“I’m so sorry,” she whispered as she crouched down. “Embrie, run to Lily and Sloane, and tell them she’s here. Tell them you need to go upstairs to the apartment and stay there until I come up.”
Lacy watched Embrie’s eyes drift over her shoulders, her little body immediately shrinking in on itself.
“Mom? Do I tell them…”
Lacy shook her head. “I’ll tell them when I get upstairs. Just let them know she’s dangerous. Ask Gunner and Gage to go with you.”
“What the fuck is going—” Nash stepped behind Lacy, hispresence a reminder that she was safe. Embrie would be safe with their friends, too, while she dealt with a problem she wanted to believe she would never see again.
“Now, Embrie.” She interrupted his question. Brie took off running toward Sloane's office, and Lacy’s eyes never left her daughter until she was wrapped safely in Lily’s arms.
“I’m so sorry… I’ve been lying to you, but this isn’t how I wanted you to find out.” Shit. She was lightheaded, her heart pounding so loudly in her ears from the second she’d heard her mother’s voice call out from across the street. But nothing could have prepared her for what she saw when she finally got the courage to turn around.
Because the woman walking toward them looked healthy. Her skin was plump and peachy. Her body moved with control and grace. Lacy could see, the closer she got, that even her mother’s eyes looked clear.
This wasn’t the woman she was used to dealing with. Could she have gotten clean again? Would it work out this time? She absolutely despised that her mind was trying to pump hope through her body that maybe her mother had finally chosen her over the addiction.
Lacy needed answers, and she needed them fast. Maybe if she was able to get her mother to walk down the street, the conversation that needed to happen could avoid the prying eyes of everyone in town. Lacy moved to step away from Nash and her table.
“No.” Nash’s arm banded across her chest and stomach, his hand coming to rest on her hip. In one quick motion, he had her tucked safely behind his back.
“Nash—”
“Can I help you?” Nash held on to Lacy’s hip, not letting her move.
“Please don’t do this,” she begged as her eyes connectedwith her mother’s. “Please. Just go. You shouldn’t be here—you don’t need to be here.”

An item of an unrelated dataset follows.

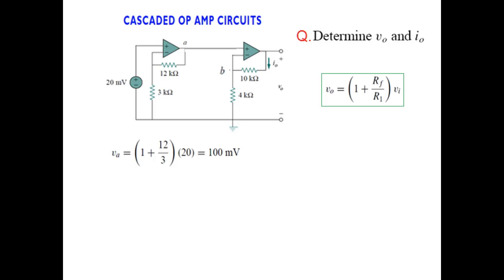This VA of 100 millivolts is applied as the input to the second circuit. Using the same non-inverting formula, the feedback resistance is 10k and R1 is 4k. Plugging in VA as 100 millivolts, the final output voltage becomes 350 millivolts.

“I think I have a right to see my daughter.” Wow, her eyes really were so clear. There was no slurring to her words, and nothing about her appearance said she was using. But Lacy had fallen for the same act before. When her mother was sober before… when Embrie was born.

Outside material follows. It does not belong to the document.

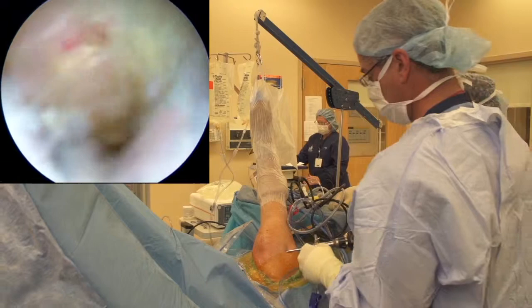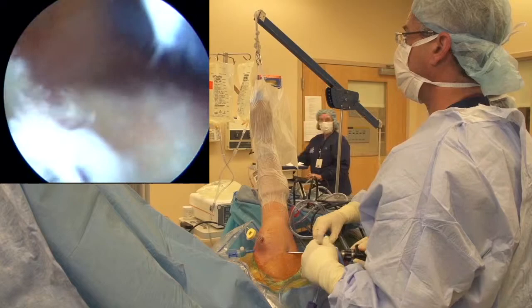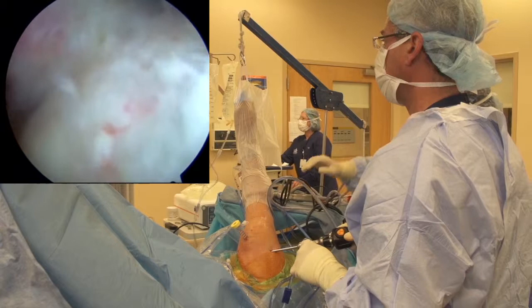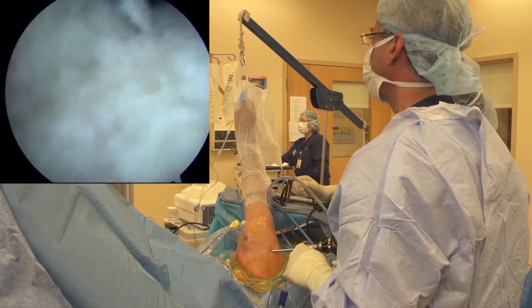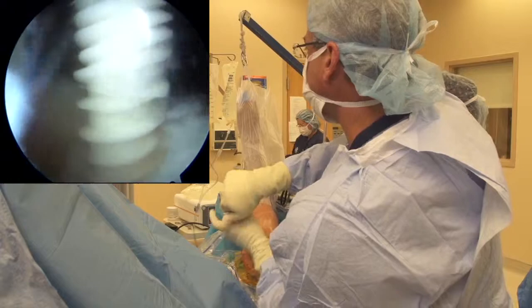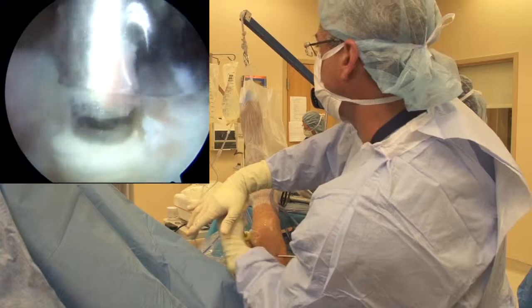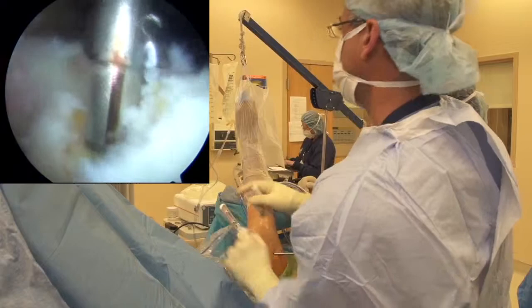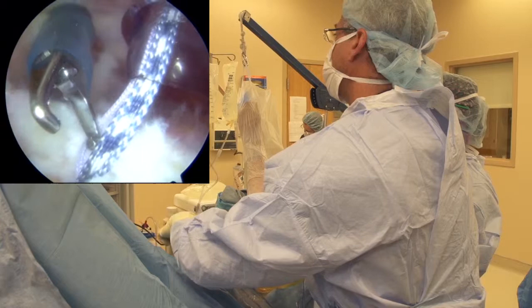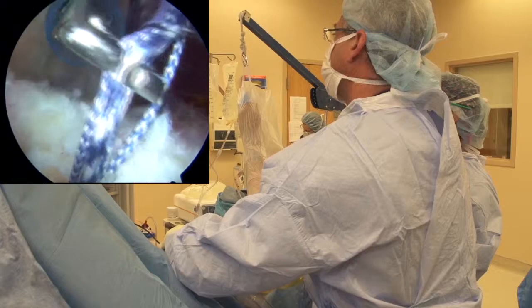We're going to go back into our posterior viewing portal. Now we've got our working cannulas here - just going to clean it up a little bit. You may want to put a shaver in here to get the debris field clean. You can see we're getting some nice bleeding there through our bone vents - some marrow material coming out as well. We're going to put our anchor here into the center of our footprint. This is a triple loaded 5.5 Mitec Helix Advance anchor. Getting excellent fixation - I'm very pleased with that.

“You don’t—you don’t have any right. When we left, you agreed?—”
“I’m clean now, baby. It’s different this time,” her mother interrupted.
“It’s never different, Mom. I’ll never be your choice over the drugs.”
“You’re right. You won’t be.” Her mother snapped at her. Nash’s fingers dug into Lacy’s hip as her mother’s eyes snapped to his face. “I’m here to see my daughter, and you’re in my way. You can move, or I can make a scene.” Her mother crossed her arms, hip jutting out to the side as Nash continued to keep Lacy tucked away despite her best efforts to move around him.
“I’m Nash Caldwell,” he said, not offering his hand to her mom. “Lacy’s fiancé. You can speak to me because, unlike you, I will always protect Lacy and Embrie.”
Her mother’s eyes went wide. Lacy could see the wheels turning as she cooked up a new plan in her mind. Lacy felt the heat of her mother’s eyes land directly on her engagement ring. Nash was only trying to protect her, but he just made everything ten times worse with that admission.
“Well, that’s certainly one way for a mother to find out her eldest is getting married, but I wouldn’t put anything past Lacy. I’m not surprised that she didn’t tell me about her upcoming wedding. She’s always been a self-centered little brat. You’ll have your hands full with her, but it looks like you can handle it.”
She took a step forward and Lacy felt every muscle in Nash’s back tense under her hand.
“What are you doing here, Mom?”
“Like I said, I’m here to see my daughter.”
She slipped her hand under Nash’s, taking advantage of the freedom to move so she could stand next to him.
“I’m right here. But we should go somewhere quieter. Please.”
“You’d like that, wouldn't you? Then your fiancé won’t find out what you did that night?—”
She squeezed his hand. A silent promise to tell him everything later, and a prayer that he wouldn’t stop her from sending her mom away. “No. You told us to go, and we did. Don’t you dare try and say otherwise.”
“What you left behind wasn’t enough—not for what we suffered through because of you,” she hissed as her eyes darted back to Nash. “Seems like you’ve done well for yourself. Your soon-to-be husband should be able to provide what I need to keep quiet.”